Within the lines below, the span from the line with "is a cross button." to the line with "You'll verify account", both ends included, is to be reproduced exactly, with pictures omitted.

Start of Data for processing

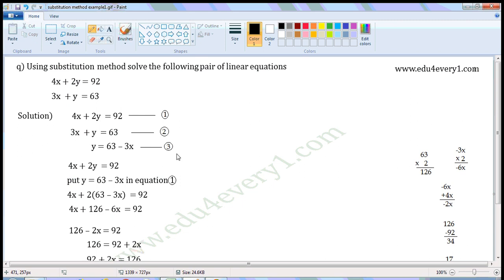Now consider equation 1: 4x plus 2y is equal to 92. Put y is equal to 63 minus 3x in this equation — that is, substitute y is equal to 63 minus 3x in this equation. Then we have 4x plus 2 into (63 minus 3x) is equal to 92.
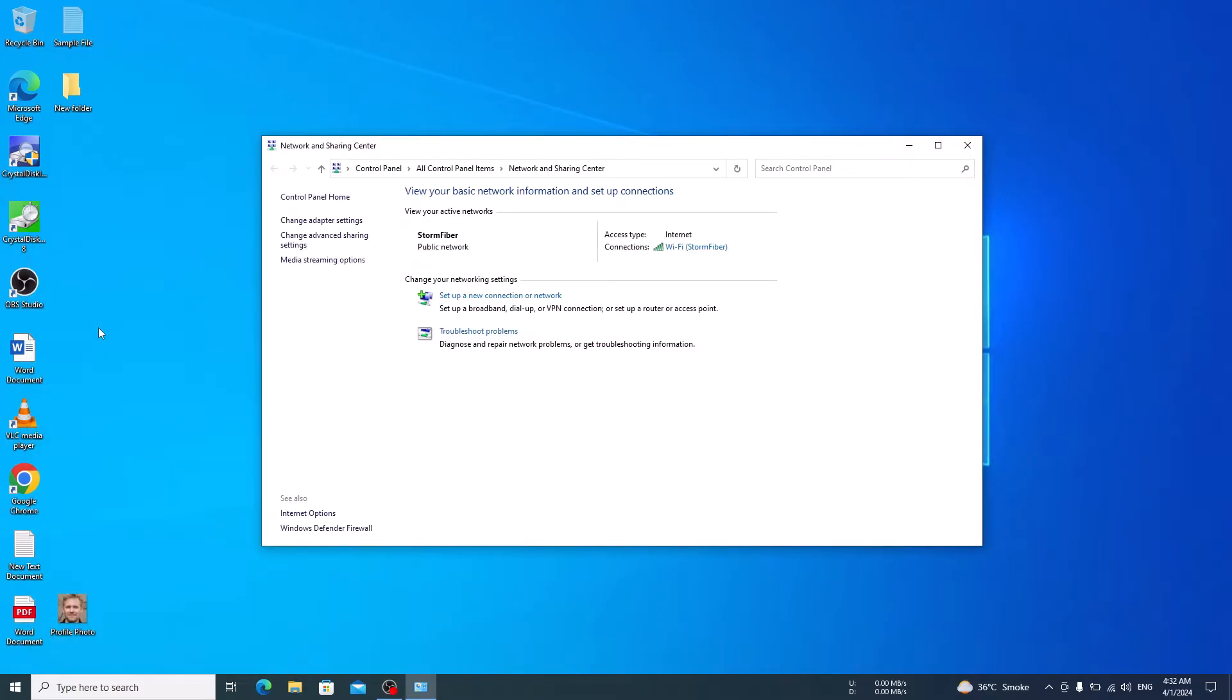Here you will see current active network connections on your Windows 10 computer. Click on the network connection name.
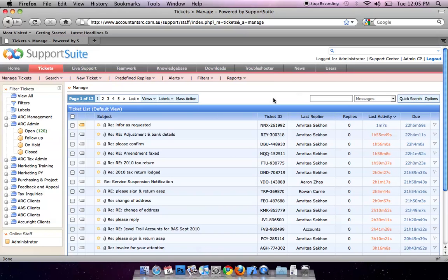That's the basic function of Kayako support system. Thanks for listening. Bye bye.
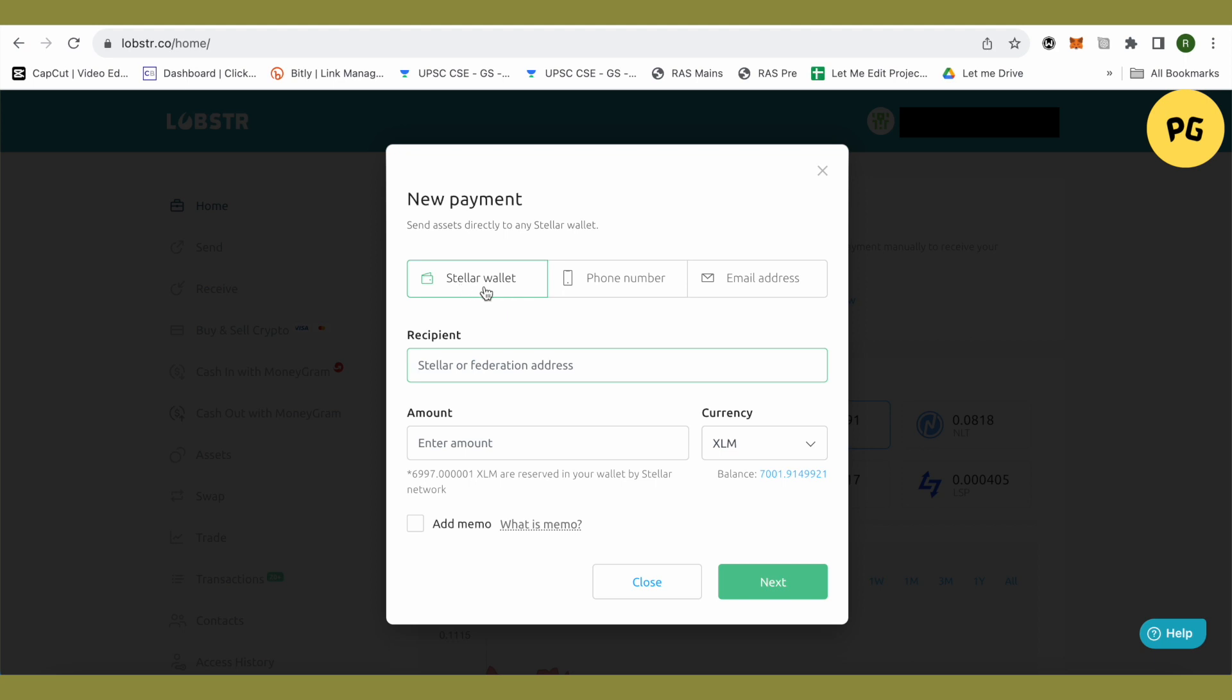Under the recipient, you need to add the address that we just copied from Coinbase. Just add it over here, enter the amount that you want to send, and select XLM.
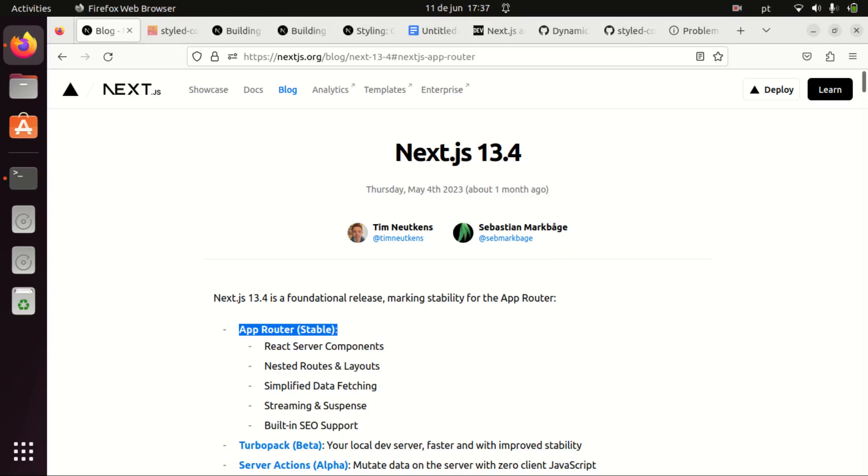Hello everyone! So Next.js 13.4 was just released a month ago and it finally made the app router stable for production, which is one of the impressive features Next.js offers and that makes it one of the most popular frameworks for web development already.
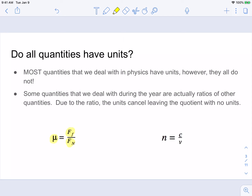Something similar happens with the letter N, which represents the index of refraction or the refractive index. In that equation, C in the numerator is the speed of light in a vacuum, and V in the denominator is the speed of light in a specific material. Both are measured in the same units — those units cancel each other out — and the index of refraction has no units. So most of the time, especially when we're taking measurements, there are units we have to include. Occasionally there are none, but it doesn't happen too often.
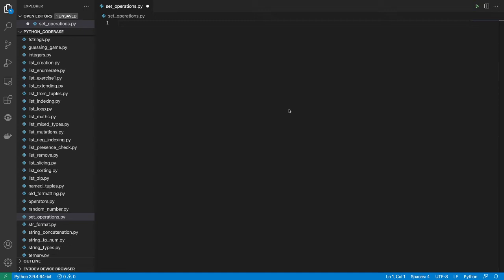Hi, this is going to be the last section on the collections data type in Python. And in this section specifically, we are going to focus on a data type known as SET.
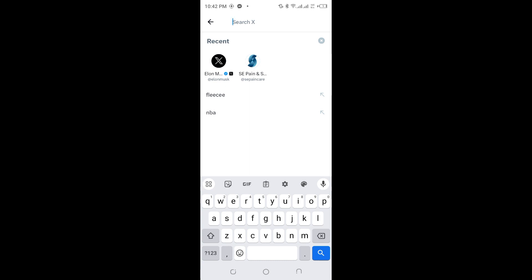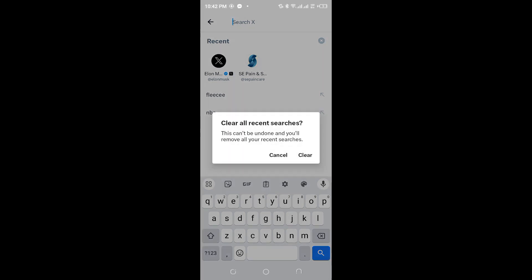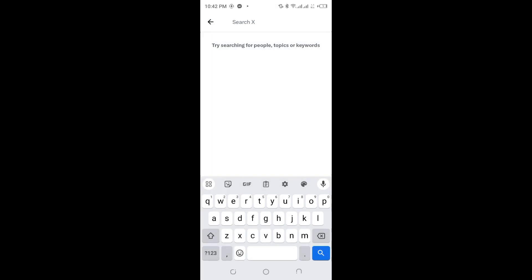is a cross button. Tap on it, and it says clear all recent searches. Simply tap on the clear option, and it will clear your Twitter search history. Like this, you can see there are not any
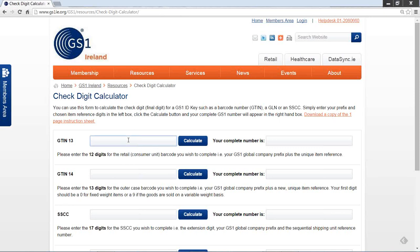Enter the GS1 company prefix you have been allocated. For the purposes of this example, I will enter 539123456.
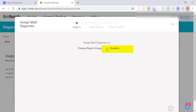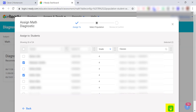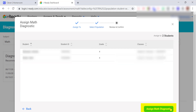Next, click on Students and follow the green arrow through. Select the specific students that you want to reassign the diagnostic to and again follow the green arrow through. Last, click on Assign Math Diagnostic.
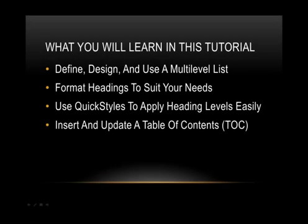Welcome to the most elaborate Academia Nutcrackers tutorial so far: inserting a hassle-free table of contents from styles to fields.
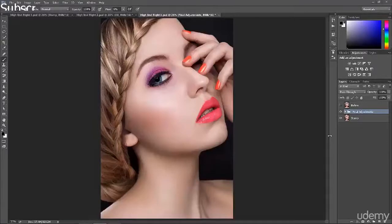Welcome to this course on high-end beauty retouch. Before we start, you probably want to know who I am, why I'm confident this course is really great, and why I'm able to teach you this.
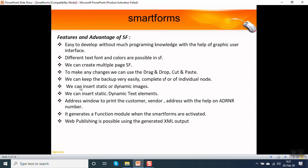We can insert static as well as dynamic images. We can insert static as well as dynamic text elements.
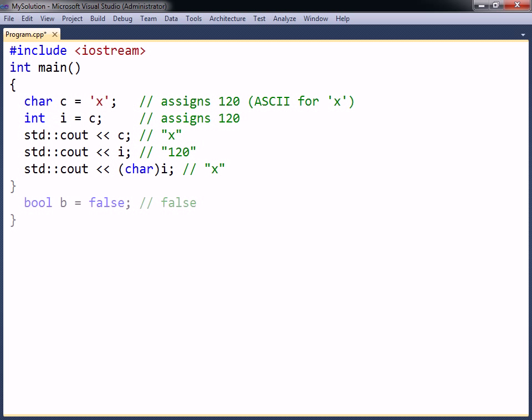The bool type can store a boolean value, which is a value that could only be either true or false. These values are specified with the true and false keywords.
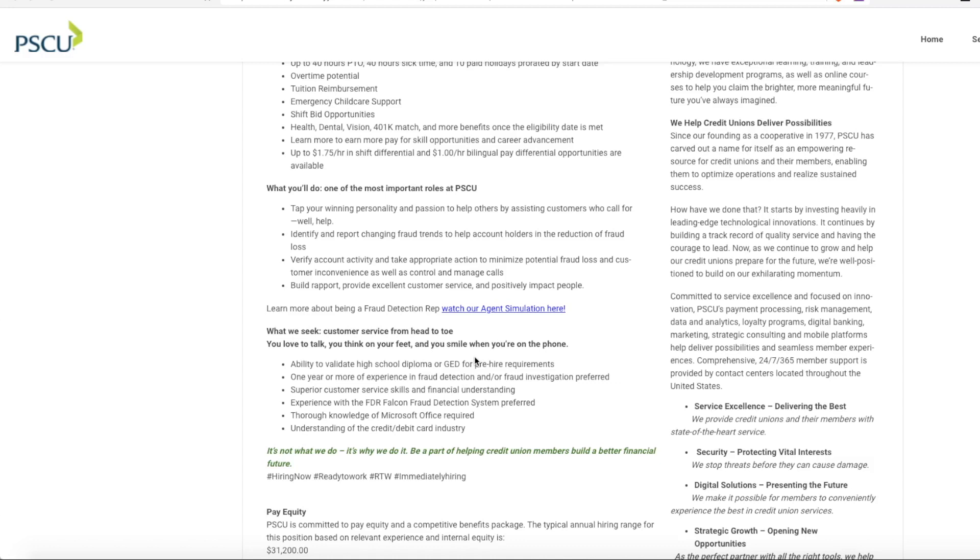You'll verify account activity and take appropriate action to minimize potential fraud loss and customer inconvenience as well as control and manage calls. You'll build rapport and provide excellent customer service to the people.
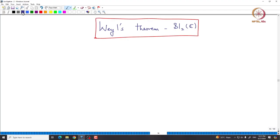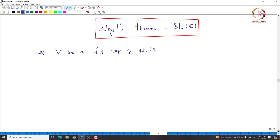Welcome back everyone. In this lecture, we will prove Weyl's theorem for SL2, namely that any finite-dimensional representation of SL2 is completely reducible. So let us start with a finite-dimensional representation V. Let V be a finite-dimensional representation of SL2(C).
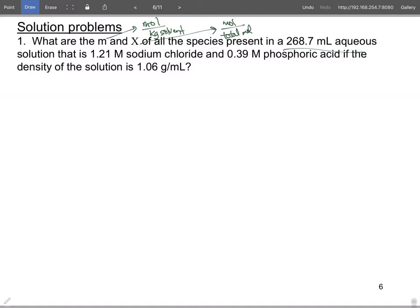Don't freak out when looking at concentration units — just ask yourself what you're looking for. There are a variety of ways to work this. We have three ingredients: sodium chloride, phosphoric acid, and water since it's an aqueous solution. We'll need the moles and grams of each species.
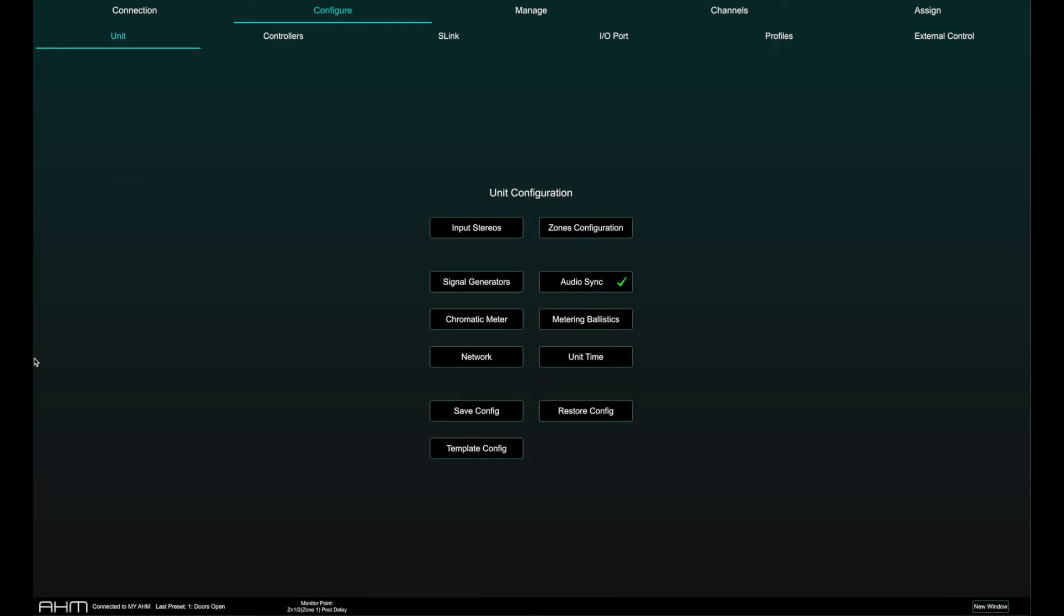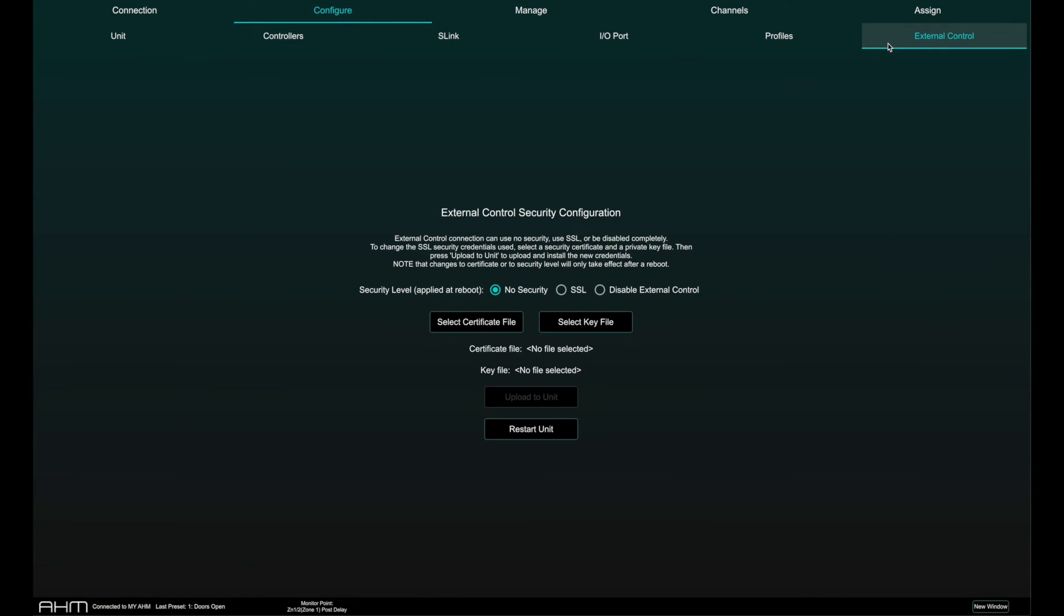To configure external control security in AHM, go to the Configure page and External Control tab. From here, you can either allow external control with no security, with SSL certification, or disable external control completely.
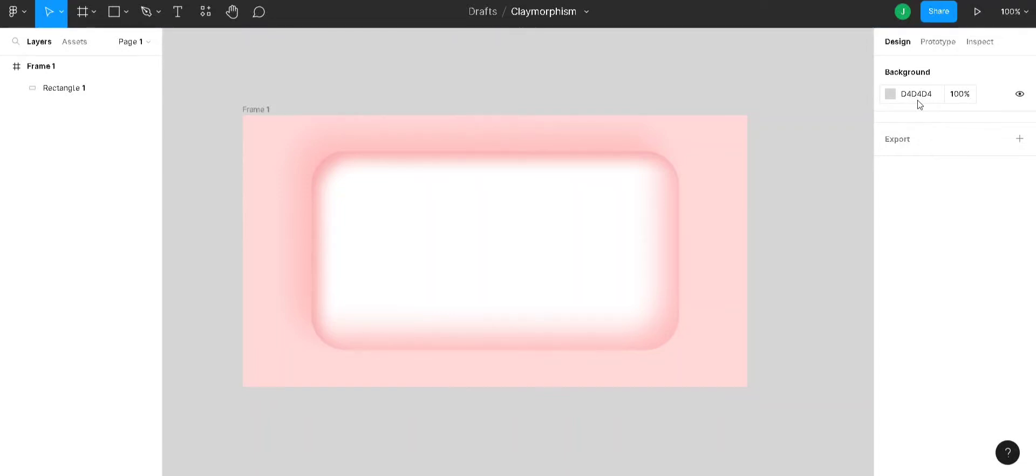Hello everyone, welcome to this new video. In this video, we will learn how to design claymorphism in Figma.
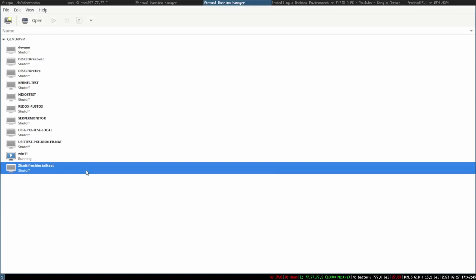Next thing I'm going to show y'all is how to do a proper ZFS send. The reason I'm showing this today is because I have a whole bunch of stuff on my main host that I don't really want on there — I want it on my server.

End of Data for processing

▸ Expected answer
is a cross button. Tap on it, and it says clear all recent searches. Simply tap on the clear option, and it will clear your Twitter search history. Like this, you can see there are not any
Enter the GS1 company prefix you have been allocated. For the purposes of this example, I will enter 539123456.
Next, click on Students and follow the green arrow through. Select the specific students that you want to reassign the diagnostic to and again follow the green arrow through. Last, click on Assign Math Diagnostic.
Welcome to the most elaborate Academia Nutcrackers tutorial so far: inserting a hassle-free table of contents from styles to fields.
Welcome to this course on high-end beauty retouch. Before we start, you probably want to know who I am, why I'm confident this course is really great, and why I'm able to teach you this.
We can insert static as well as dynamic images. We can insert static as well as dynamic text elements.
The bool type can store a boolean value, which is a value that could only be either true or false. These values are specified with the true and false keywords.
You'll verify account activity and take appropriate action to minimize potential fraud loss and customer inconvenience as well as control and manage calls. You'll build rapport and provide excellent customer service to the people.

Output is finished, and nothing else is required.